JD | February 26, 2007, 11:15pm | #

Oh, Rivera. Same guy who proposed using zoning laws to limit the number of fast food restaurants in any one neighborhood. He has basically never had a real job, having been elected at the age of something 22 while he was still a college undergrad (his father was the previous councilman, in case you're wondering how he could have gotten elected) and now he just gets paid to come up with stupid ideas. Yeah, this is a healthy democracy.

dhex | February 27, 2007, 10:03am | #

"Nobody's ever going to check whether the exact energy count at that restaurant matches the figures anyway."

ehhhhhh, you'd be surprised how fucktarded some folks are.

thoreau | February 27, 2007, 10:55am | #

In keeping with what dhex wrote, I know somebody who drove to a store to get a $0.05 refund after the price of an extension cord dropped. (They had a policy that if you buy something that goes on sale shortly after you could get a refund for the difference between the purchase and sale price.)

And no, this person wasn't doing any other errands in the neighborhood at the time. She drove there for the sole purpose of getting that nickel.

Rhywun | February 27, 2007, 11:02am | #

You had term limits before. They are otherwise called elections.

I used to believe that. And I can still see it when it comes to city-wide races like mayor. Unfortunately, I don't have any say over the selection of the 50 numbskulls outside my district.

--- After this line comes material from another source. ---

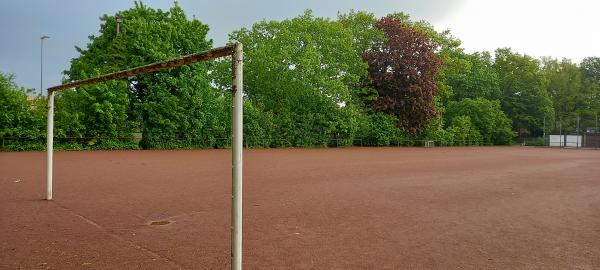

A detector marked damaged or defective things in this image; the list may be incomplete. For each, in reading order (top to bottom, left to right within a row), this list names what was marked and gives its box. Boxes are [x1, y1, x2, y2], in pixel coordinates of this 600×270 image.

rusty metal goalpost [44, 42, 245, 270]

VM | February 27, 2007, 11:20am | #

"And I can still see it when it comes to city-wide races like mayor."

Hi Rhywun!

Check out our election here in Chicago today :)

Dr. T: indeed!

Rhywun | February 27, 2007, 12:43pm | #

Check out our election here in Chicago today :)

Fortunately, the mayor of Chicago has zero influence on my life, unlike the 50 councilmen I don't vote for who nevertheless gang together and vote as one in support of their pet activist causes.